First day of the conference, and the opening icebreaker was done by a Australian Ex-Pat who has lived in Holland for 30+ years, yet still sounded as Aussie as myself or the four outher Australians that are here (two from the Australian Lesbian and Gay Archives, an ex-pat living in Berlin, and someone else I have not met yet).
Something I found most interesting was IHLIA’s Pink Shelves Project, which separates LGBTI titles from the main collection, and grouping them together for ease of access. While I have always advocated for genre labels to increase visibility, typically I recommend against separation, yet here, the program has been hugely popular, and has seen an increase in borrowing.

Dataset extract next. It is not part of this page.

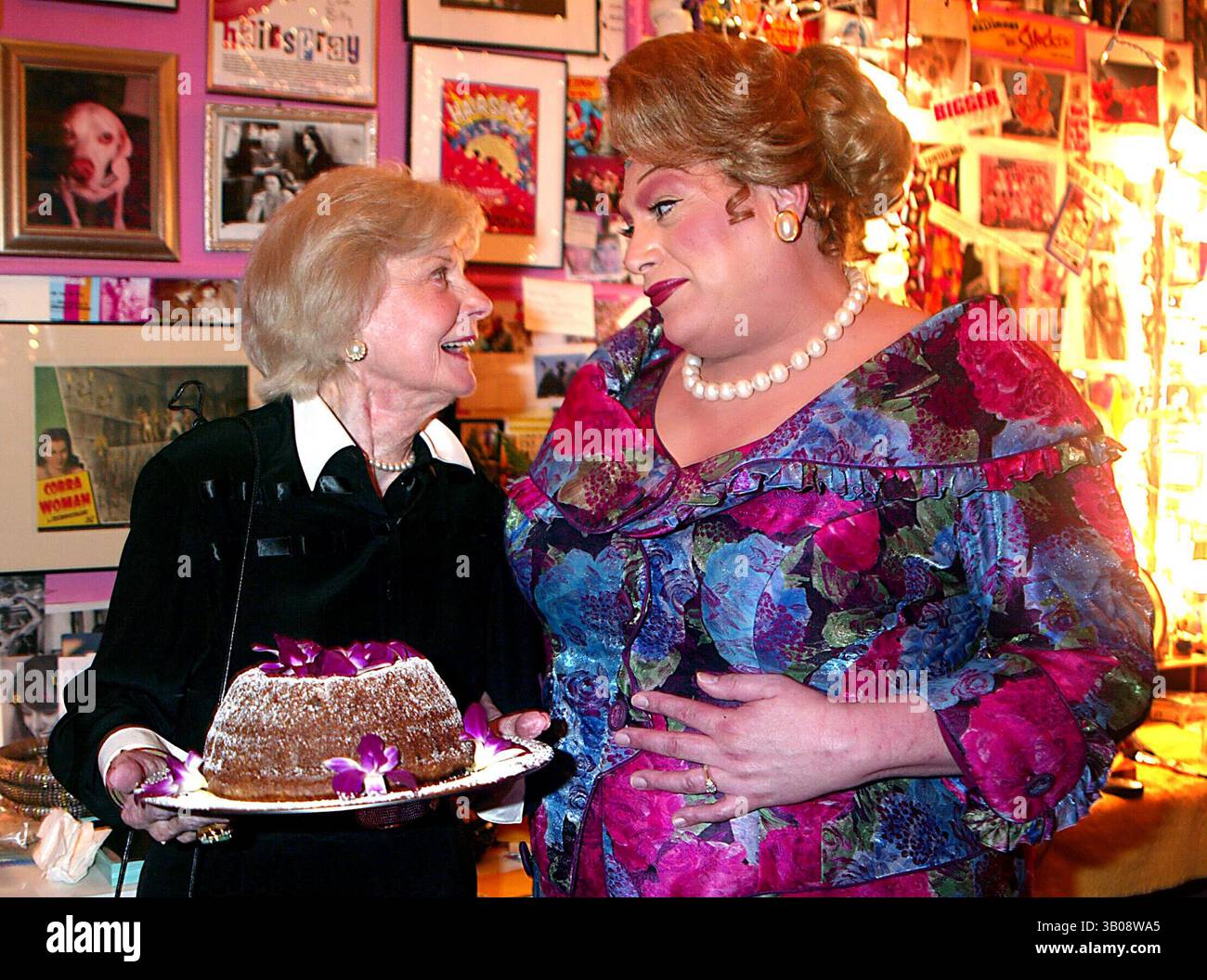 30 LUGLIO 2003 - NEW YORK, NEW YORK, STATI UNITI - BARBARA BILLINGSLEY (JUNE CLEAVER DA ''LEAVE IT TO BEAVER'') VISITA HARVEY FIERSTEIN (VESTITO DA EDNA TURNBLAD) NEL SUO CAMERINO CON UNA TORTA DURANTE L'INTERVALLO DI ''HAIRSPRAY'' AL NEIL SIMON THEATER DI NEW YORK NEW YORK IL 30 LUGLIO 2003. / 2003..K32052HMC.***EXCLUSIVE***.BARBARA BILLINGSLEY E HARVEY FIERSTEIN(immagine di credito: © Henry McGee/Globe Photos/ZUMAPRESS.com) Foto Stock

One of the more interesting things said today came from Fonds Suzan Daniel, in Belgium, who are currently focusing on how to catalogue electronic records. Bark Hellinck cited a selection of 3 ¼ inch floppy disks which they cannot use, due to password protection and obsolete software. This is no different to any other library, archive and museum in the world.
I also quite enjoyed how Polish curator Pawel Hellinck spoke about how he put together an exhibition in homoerotica in a country known for homophobia. He is currently trying to establish a permanent archive in Poland.
Another common theme between the different archives is location. Many have no permanent or guaranteed home, including I believe, Australia. In France, they have no building, yet there is a political movement that advocates for the use of only professional (no volunteers) within the archives, and that an archivist of Vietnamese decent should not be part of the French organisation.
The other topic which keeps coming up is money. My paper (which I will present on Friday) is on providing services with little or no funding, which is a stark comparison to The Netherlands, where the Government provides EUR300,000 annually for IHLIA. Fonds Suzan Daniel in Belgium get EUR4,000, and the Women’s and Lesbian Archives in Germany are in the process of getting Government funding.